If anybody tells an honest worker, who speaks out for justice and the honour of his profession, that because of this he’s “a paid agent of the International”, then this is stupid and vile slander. But if a democrat who is loyal to his Fatherland points out to the worker the incontrovertible fact that the ‘United Front’ – or as it’s also called, the ‘Popular Front’ – was dreamt up by the Third International to dissolve and destroy all democracies, and one hears the objection that the person pointing this out is a ‘brownshirt’, i.e. someone who rejects and secretly despises our country, then is political slander, which has been consciously and deliberately turned into a method, and must be stigmatized. Or if the Bundesrat, whose name enjoys respect not only in Switzerland but in all Europe, of if an officer of high rank is daily called a ‘disguised fascist’ because he faithfully and obediently supports the 300-year tradition of our country’s neutrality, then this is base slander, serving only one goal – systematically castrating the Swiss way of life and the needs of the state. It is a conscious lack of objectivity, an intentional dissolution of the trust which needs to exist in a genuine democracy, not only between citizen and citizen, but also between citizens and institutions, and vice versa. It is false, poisonous and fatal. It must stop.
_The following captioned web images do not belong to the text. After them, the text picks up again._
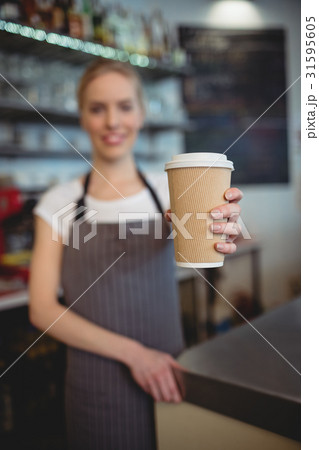Barista offering coffee cup at cafeteria 31595605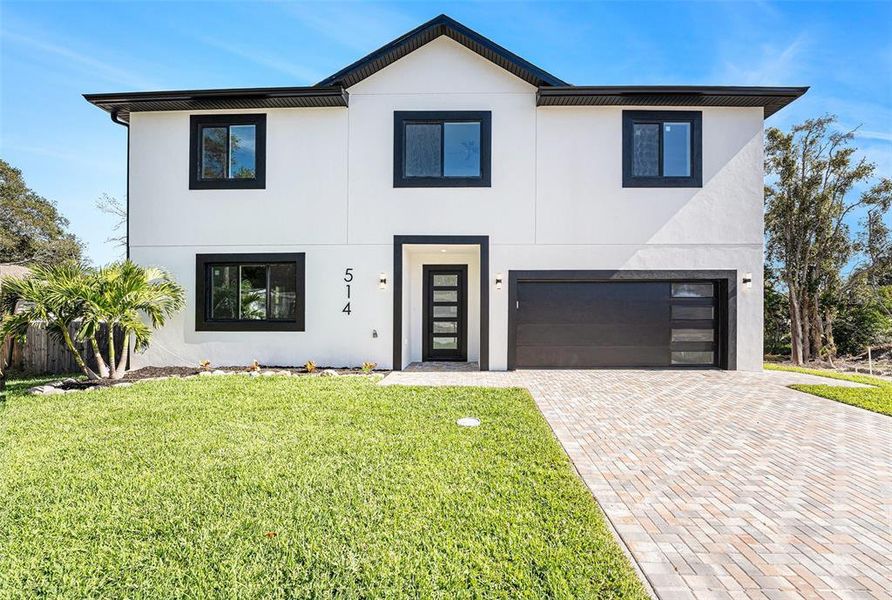 Front exterior of a new home in , Largo, FL, highlighting curb appeal (Image 19).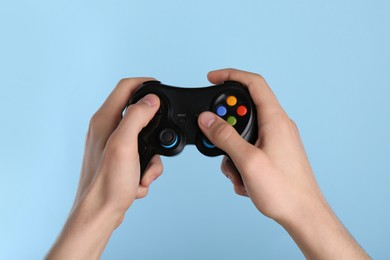 Man using wireless game controller on light blue background, closeup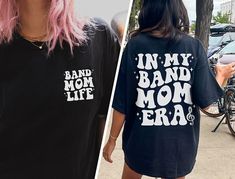 "✦ 🇺🇸SENT TO PRODUCTION AND PRINTED IN THE US🇺🇸 ✦The perfect In My Band Mom Era Graphic TShirt is yours!  ✦ QUICK FACTS ✦ Comfort Colors® C1717 T-Shirt is 100% ringspun cotton (ringspun=comfort) Preshrunk, soft washed, garment-dyed fabric Twill-taped back neck and shoulders ✦ SIZING TIPS ✦ All our garments are UNISEX.  FOR AN OVERSIZED LOOK, SIZE UP 2-3 SIZES For a Relaxed Fit order your Usual Size For a Snug Fit order 1 Size down If you're unsure: Lay your favorite fitting T-Shirt flat and *measure armpit to armpit (1\" under armpit) for width *measure from point where neck seam meets shoulder all the way to bottom for length & compare with measurements in Size Chart provided in each listing *Please note, Size Chart Measurements are to be used as guidelines and measurements may vary w Band Merch Shirt With Slogan For Fans, Band Merch Shirt With Slogan For Concerts, Band Merch Slogan Shirt For Fans, Band Merch Shirt With Slogan, Band Merch Shirt With Text Print For Concert, Cotton Slogan Shirt For Concert, Band Mom Shirts, Band Mom, Mom Era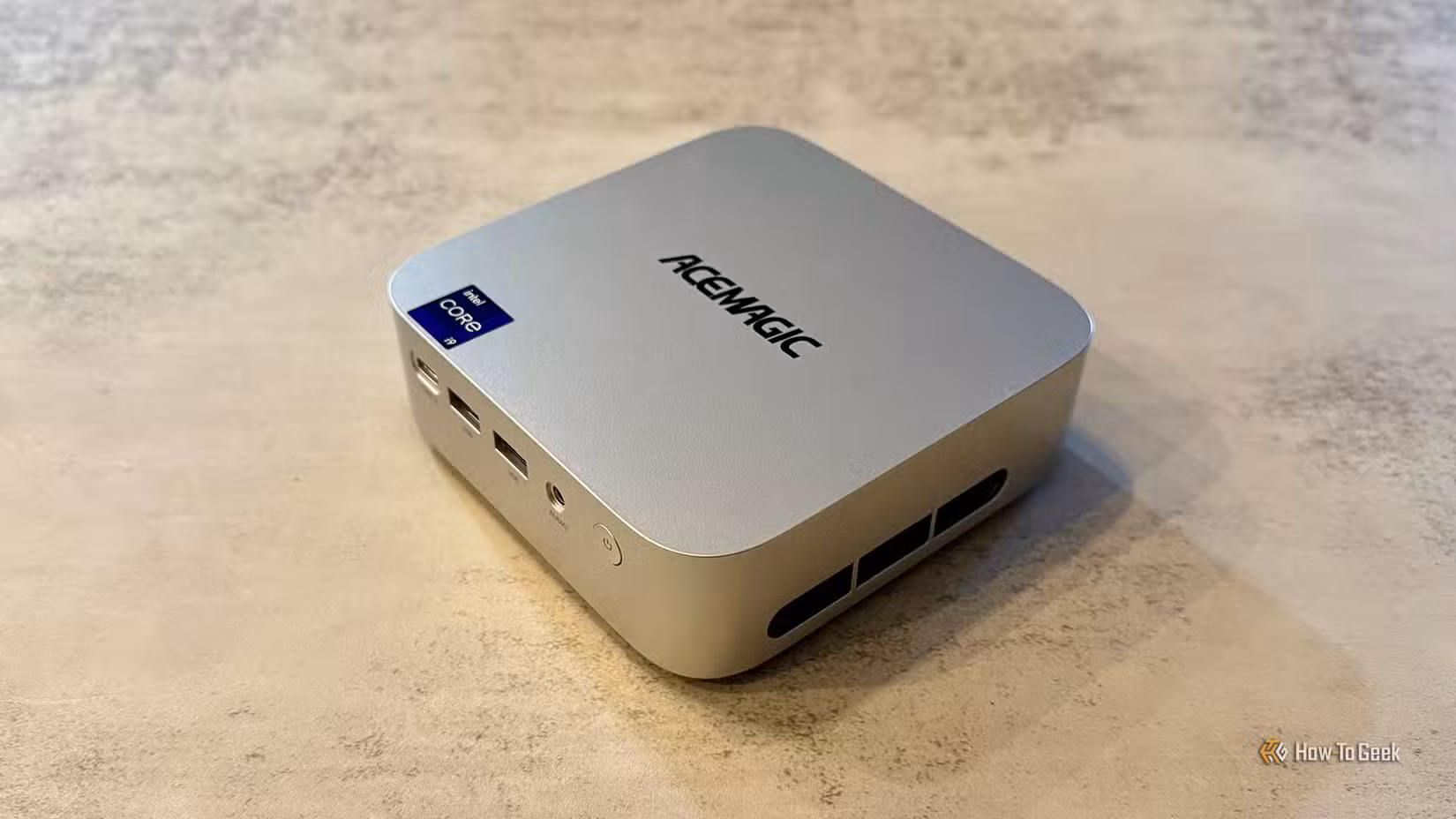 Overhead angled view of the ACEMAGIC M1 Mini PC on a table top.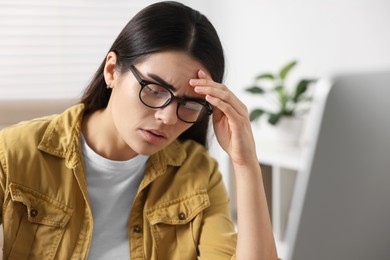 Photo of Young woman suffering from headache at workplace indoors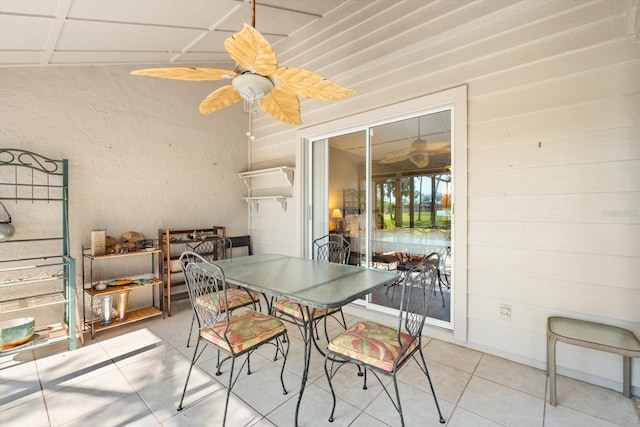 dining space featuring light tile patterned floors and ceiling fan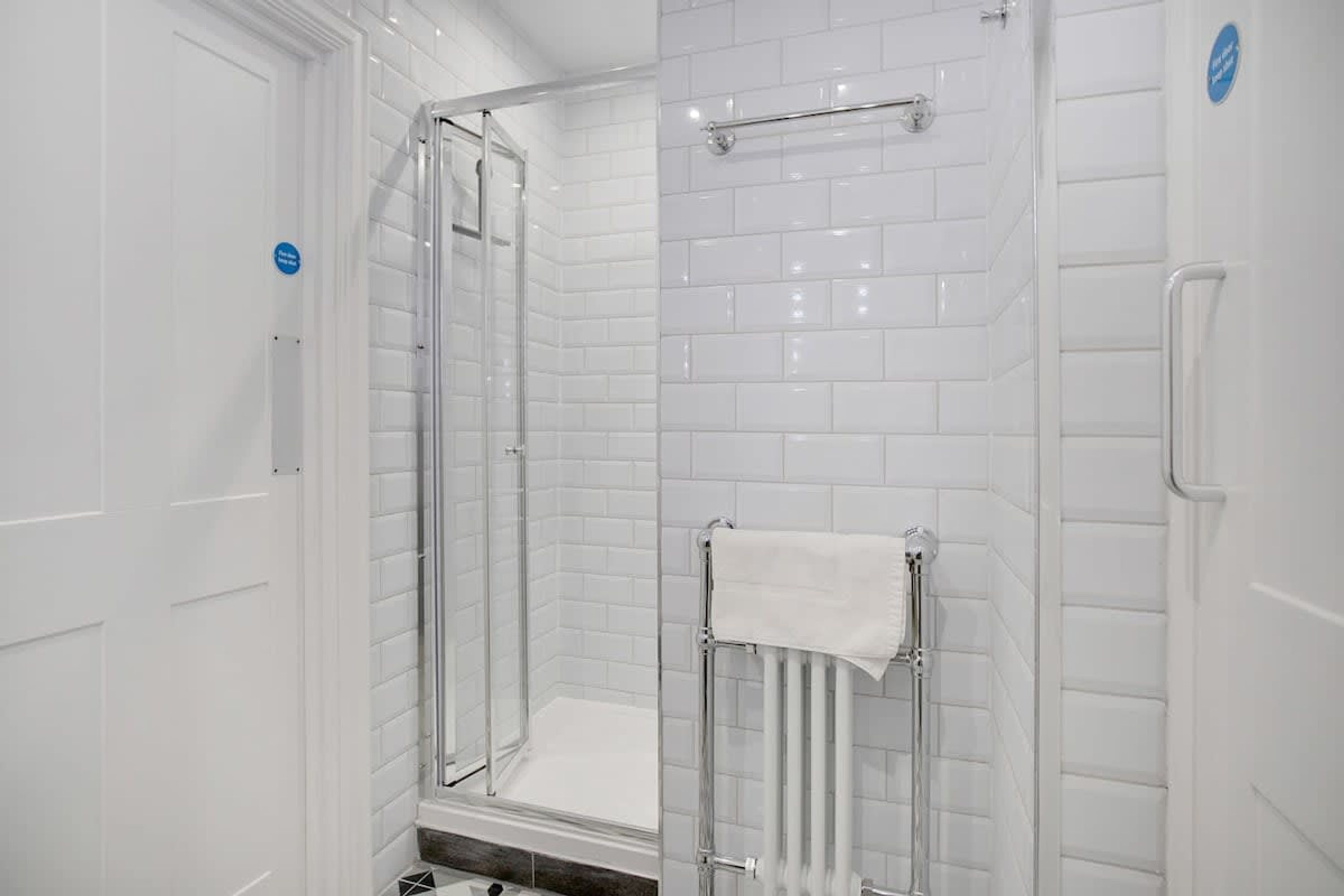 Une salle de bain moderne avec une douche à parois de verre, des murs recouverts de carreaux blancs et un porte-serviettes.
For me, the honourable name of co-citizen is inviolable. It is a treasure which I must preserve. It is a pure voice in the political choir of my people. We democrats are not allowed to act like evil little children who run around in the night defiling decent citizens’ doors or smashing their windows.
We have a responsibility to be pure and dedicated to our Motherland. The politics of slander and suspicion are not Swiss politics. And our politics do not need imports.